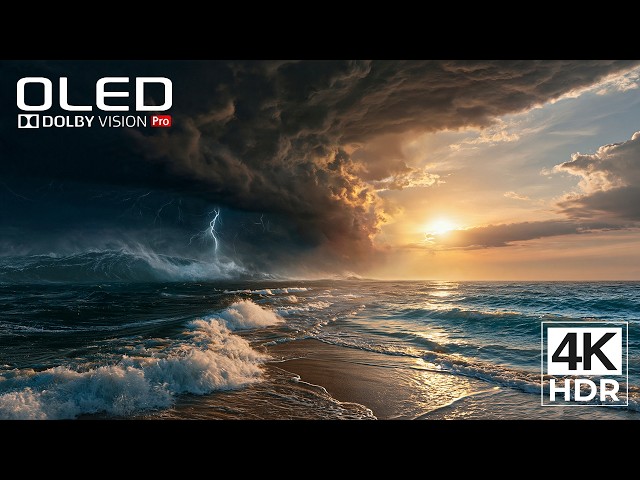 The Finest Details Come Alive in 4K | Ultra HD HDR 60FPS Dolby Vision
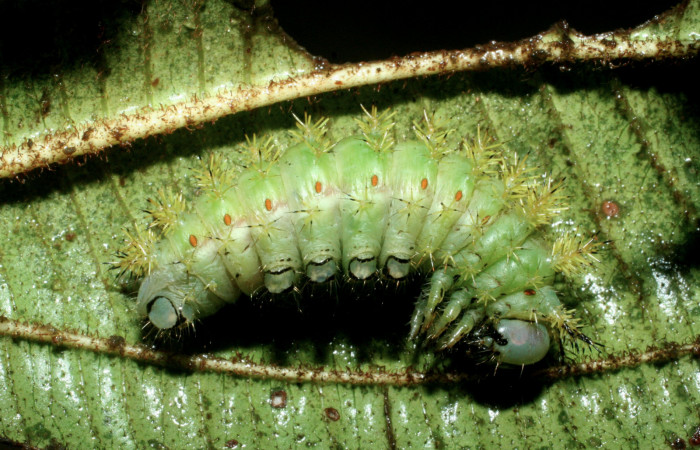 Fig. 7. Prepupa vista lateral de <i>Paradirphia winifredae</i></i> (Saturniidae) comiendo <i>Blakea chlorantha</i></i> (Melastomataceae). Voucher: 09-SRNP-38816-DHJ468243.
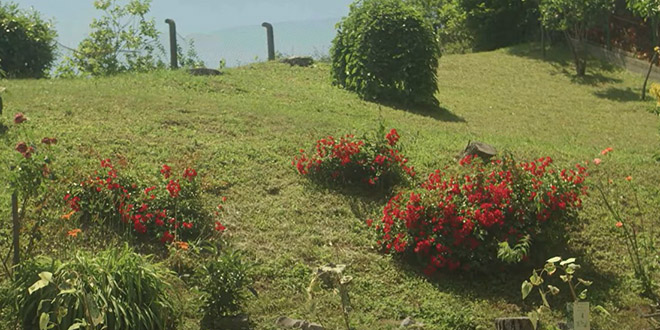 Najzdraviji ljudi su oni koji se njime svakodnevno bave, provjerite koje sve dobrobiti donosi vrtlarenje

* [Exercise]: Copy out all the data exactly, skipping the pictures.

* [Output for this exercise]:
 The Finest Details Come Alive in 4K | Ultra HD HDR 60FPS Dolby Vision
 Fig. 7. Prepupa vista lateral de <i>Paradirphia winifredae</i></i> (Saturniidae) comiendo <i>Blakea chlorantha</i></i> (Melastomataceae). Voucher: 09-SRNP-38816-DHJ468243.
 Najzdraviji ljudi su oni koji se njime svakodnevno bave, provjerite koje sve dobrobiti donosi vrtlarenje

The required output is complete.